In our case we need to break the text into a list of words in order to find the hapaxes. But since we are not interested in punctuation or capitalization, we can make tokenization very simple by first normalizing the text to lower case and stripping out every punctuation symbol:
def normalize_tokenize(string):
"""
Takes a string, normalizes it (makes it lowercase and
removes punctuation), and then splits it into a list of
words.
Note that everything in this function is plain Python
without using NLTK (although as noted below, NLTK provides
some more sophisticated tokenizers we could have used).
"""
# make lowercase
norm = string.lower()
# remove punctuation
norm = re.sub(r'(?u)[^\w\s]', '', norm) (1)
# split into words
tokens = norm.split()
return tokens
1 | Remove punctuation by replacing everything that is not a word (\w ) or whitespace (\s ) with an empty string. The (?u ) flag at the beginning of the regex enables unicode matching for the \w and \s character classes in Python 2 (unicode is the default with Python 3). |
Our tokenizer produces output like this:
>>> normalize_tokenize("This is a test sentence of white-space separated words.")
['this', 'is', 'a', 'test', 'sentence', 'of', 'whitespace', 'separated', 'words']
Instead of simply removing punctuation and then splitting words on whitespace, we could have used one of the tokenizers provided by NLTK. Specifically the word_tokenize()
method, which first splits the text into sentences using a pre-trained English sentences tokenizer (sent_tokenize
), and then finds words using regular expressions in the style of the Penn Treebank tokens.
# We could have done it this way (requires the
# 'punkt' data package):
from nltk.tokenize import word_tokenize
tokens = word_tokenize(norm)
The main advantage of word_tokenize()
is that it will turn contractions into separate tokens. But using Python’s standard split()

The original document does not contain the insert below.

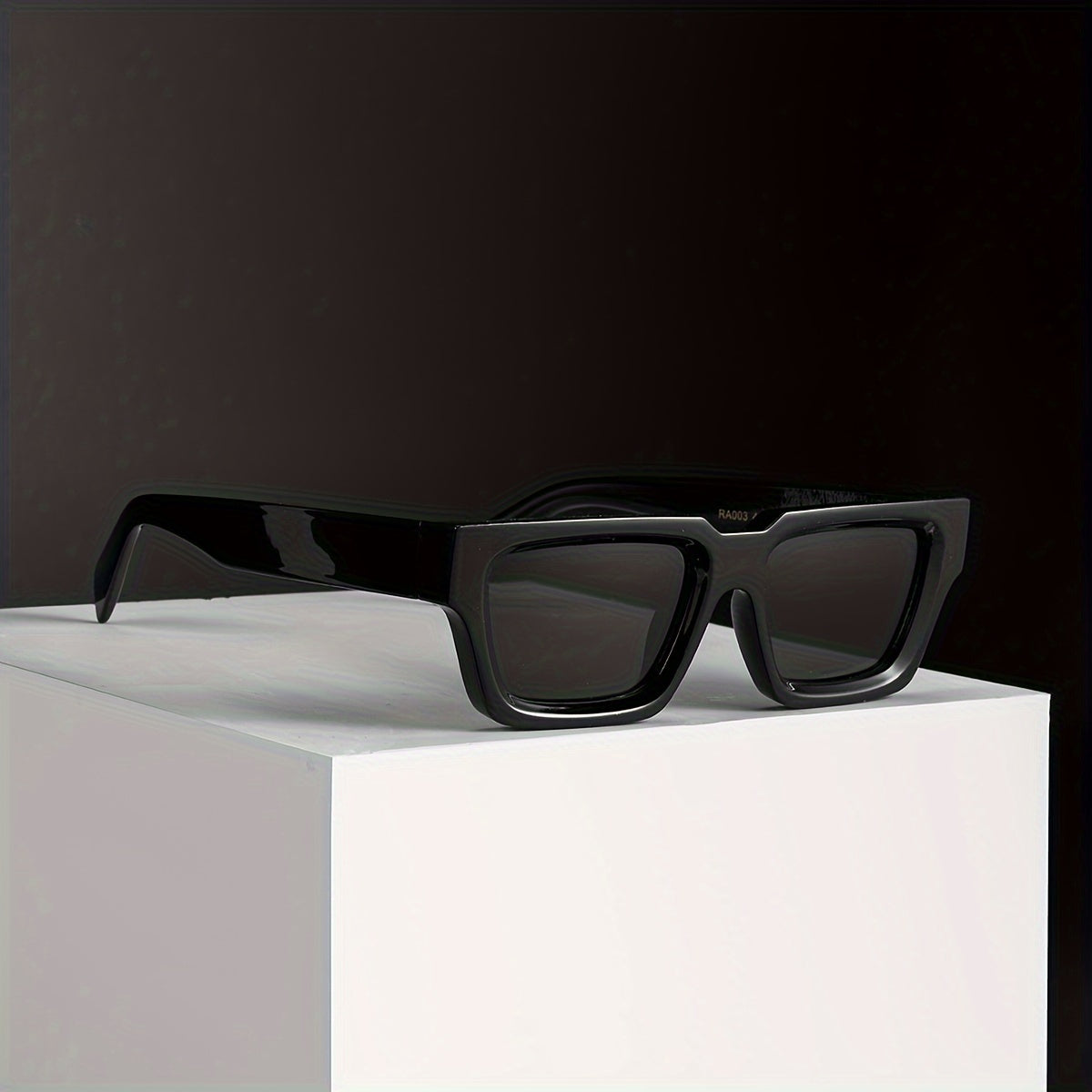 Sunglasses : Zonnebril Dames Zwart - Stoere Vierkante met Retro Uitstraling in van Pantino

is good enough for our purposes.
Counting word forms
We can use the tokenizer defined above to get a list of words from any string, so now we need a way to count how many times each word occurs. Those that occur only once are our word-form hapaxes.
def word_form_hapaxes(tokens):
"""
Takes a list of tokens and returns a list of the
wordform hapaxes (those wordforms that only appear once)
For wordforms this is simple enough to do in plain
Python without an NLP package, especially using the Counter
type from the collections module (part of the Python
standard library).
"""
counts = Counter(tokens) (1)
hapaxes = [word for word in counts if counts[word] == 1] (2)
return hapaxes
1 | Use the convenient Counter class from Python’s standard library to count the occurrences of each token. Counter is a subclass of the standard dict type; its constructor takes a list of items from which it builds a dictionary whose keys are elements from the list and whose values are the number of times each element appeared in the list. |
2 | This list comprehension creates a list from the Counter dictionary containing only the dictionary keys that have a count of 1. These are our hapaxes. |
Stemming and Lemmatization
If we use our two functions to first tokenize and then find the hapaxes in our example text, we get this output:
>>> text = "Cory Linguist, a cautious corpus linguist, in creating a corpus of courtship correspondence, corrupted a crucial link. Now, if Cory Linguist, a careful corpus linguist, in creating a corpus of courtship correspondence, corrupted a crucial link, see that YOU, in creating a corpus of courtship correspondence, corrupt not a crucial link."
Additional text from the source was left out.